Cross-training, flexibility, scenario planning, and operational buffers are essential to building that responsiveness. These “shock absorbers” help staff remain capable under pressure and allow team members to step in for one another when circumstances demand it. The design principles guiding this approach emphasize clarity (everyone knows who does what), compassion (processes support both people and animals, not just rules), and courage (the willingness to make difficult decisions).
The same logic that applies to people applies to physical and operational systems. The concept of “controlled stretch”—maintaining flexibility at all times without breaking—should be embedded into how vivaria are organized, staffed, and funded.
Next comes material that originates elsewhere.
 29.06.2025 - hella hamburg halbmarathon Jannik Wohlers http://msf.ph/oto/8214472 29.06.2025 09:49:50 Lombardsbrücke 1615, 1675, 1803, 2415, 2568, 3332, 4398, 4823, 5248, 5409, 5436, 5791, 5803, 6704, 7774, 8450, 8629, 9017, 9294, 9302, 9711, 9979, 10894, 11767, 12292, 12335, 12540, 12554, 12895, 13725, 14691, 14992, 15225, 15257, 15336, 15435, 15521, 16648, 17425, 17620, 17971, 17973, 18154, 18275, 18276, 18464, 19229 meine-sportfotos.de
Contingency Planning and Physical Flexibility
Most facilities with species regulated by the U.S. Department of Agriculture (USDA) already maintain disaster contingency plans covering floods, fires, and other natural events. These plans address cross-training, communication protocols, decision-making hierarchies, and psychological support for staff during crises. As Thompson-Iritani observes, “Our vivaria, we know, are living systems that must flex and be flexible like an organism.” Elasticity in space allocation is critical to avoiding bottlenecks during any type of disruption.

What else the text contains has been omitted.